WATERTOWN — Hedy J. Starr, a dog trainer in the city, spent years saving money and researching breeders before she found a Dalmatian she envisioned would be a world-class competitor.
Thousands of dollars later, and now a federal lawsuit, the dog she found has been stuck in an airport holding facility for about three weeks with nearly a dozen other imported dogs — one of which died while in quarantine.
Ms. Starr is the dog trainer at Canine College, 26220 Route 283, working with dogs on just about anything, from basic puppy obedience to drug detection and advanced levels of sport. She’s lived in Watertown with her husband, Ryan N.C. Starr, for about a year. For years she’s wanted to obtain a world-class dog. She didn’t care where it came from, as long as it met her strict criteria.
After years of searching and vetting for purebred dogs from ethical breeders, she found one in Russia who’s produced dogs that have won competitions in nearly a dozen countries.
“It’s not like we were looking to get a Russian dog,” Mr. Starr said. “We were looking for the best dog and it happened to come from there. If it had come from any other country, we would have bought from there.”
The dog they were set to get was a Dalmatian, which are known for their energy, flash, drive and dynamic skill set. Mrs. Starr put down a $500 down payment when the dog’s mother was confirmed pregnant. When their dog was born in Russia, she paid the $2,200 bill in full.
Now they don’t even know if the puppy is alive.

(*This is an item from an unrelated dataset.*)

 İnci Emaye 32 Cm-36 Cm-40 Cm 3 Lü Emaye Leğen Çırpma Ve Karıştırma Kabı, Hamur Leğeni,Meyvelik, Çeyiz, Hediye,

On Sept. 8, 11 dogs, including Mrs. Starr’s, were flown from Russia to the John F. Kennedy International Airport in Queens — costing the Starrs $1,500. The dogs were seized immediately by U.S. Customs and Border Protection. The Centers for Disease Control and Prevention alleges the dogs didn’t have adequate proof that they received rabies vaccinations, and that their paperwork might have been falsified. What’s more, the courier allegedly declared only nine dogs to customs, and two additional dogs were found in a “hidden compartment,” according to federal court documents.

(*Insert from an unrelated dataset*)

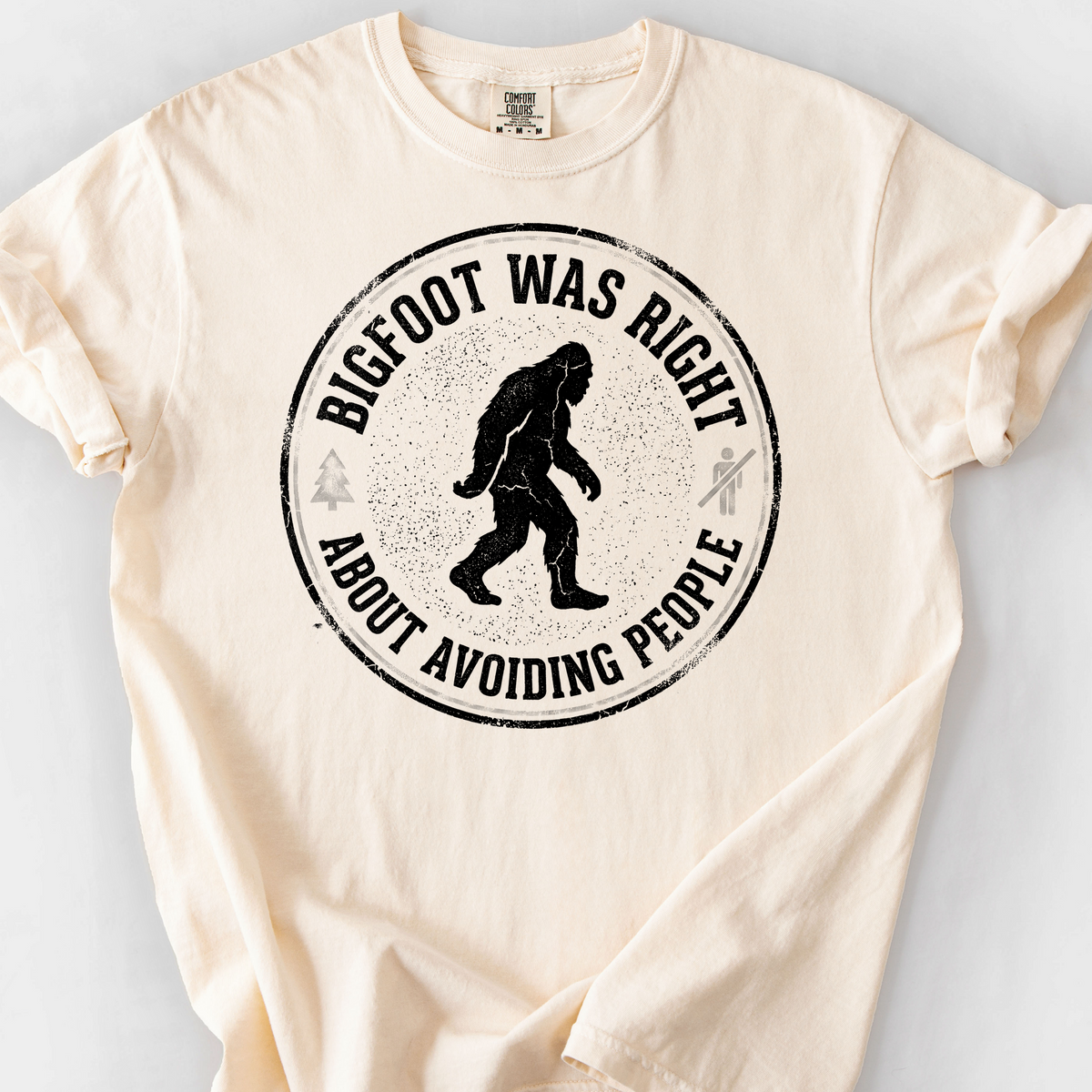 Bigfoot Was Right (Avoiding People) T-Shirt — Ivory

Mrs. Starr’s paperwork, at least, was completed and acceptable to present upon the dog’s entry as long as they matched what the courier presented at the airport, according to an email sent to her from a CDC official.
The point is the dogs were denied entry and placed into a holding facility in the airport, which is where they’ve been for 17 days. Being a trainer, Mrs. Starr knows a dog can shut down mentally in a shelter. It could stop eating or become anxious, stressed and aggressive.

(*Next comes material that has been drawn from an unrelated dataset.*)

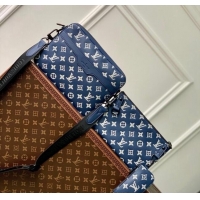 Top Quality Louis Vuitton Trio Messenger bag in Monogram Shadow Calfskin M24753 Ink Blue/White 2024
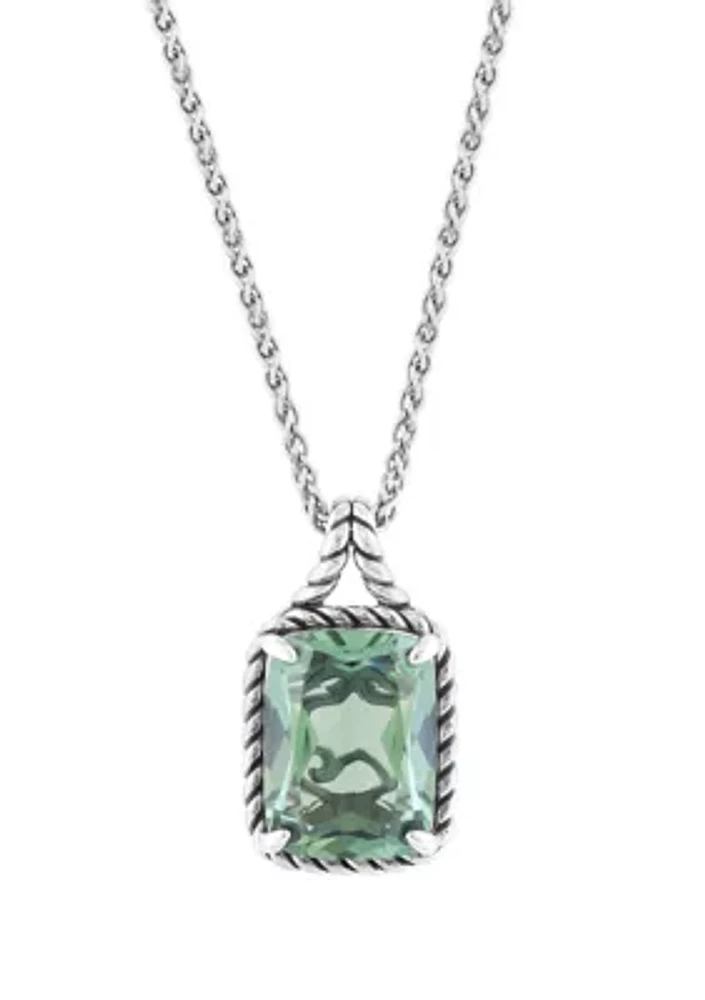 9.5 ct. t.w. Green Amythyst Cushion Necklace in Sterling Silver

On Monday, one of the dogs seized at the airport died there, and Mrs. Starr said she hasn’t been updated on her dog’s condition in days.
“There are two dogs out of 11 with potential indiscrepancies (sic) with paperwork,” she said, “and nine others that don’t, and they are still stuck there, and one of those nine that doesn’t have indiscrepancies (sic) with paperwork has died.”
They haven’t even received proof of life, she said.
“They are punishing the dogs instead of the person who may or may not be responsible,” Mr. Starr said. “The dog that died wasn’t stuck in all of this.”
Mr. Starr is now attached to a lawsuit on behalf of the owners, seeking to release the dogs and for all legal fees to be paid for. The suit was filed in U.S. District Court Eastern District of New York on Sept. 11 by Ildar Gimadiev, a New York City resident. The secretary for the U.S. Department of Health, the director of the CDC, the U.S. Customs Service, among others, are named as defendants in the suit. Mr. Gimadiev, through his suit, is seeking declaratory judgment and injunctive relief, in other words, nothing is to be done to the dogs in custody — including the Starrs’ — until the court rules otherwise.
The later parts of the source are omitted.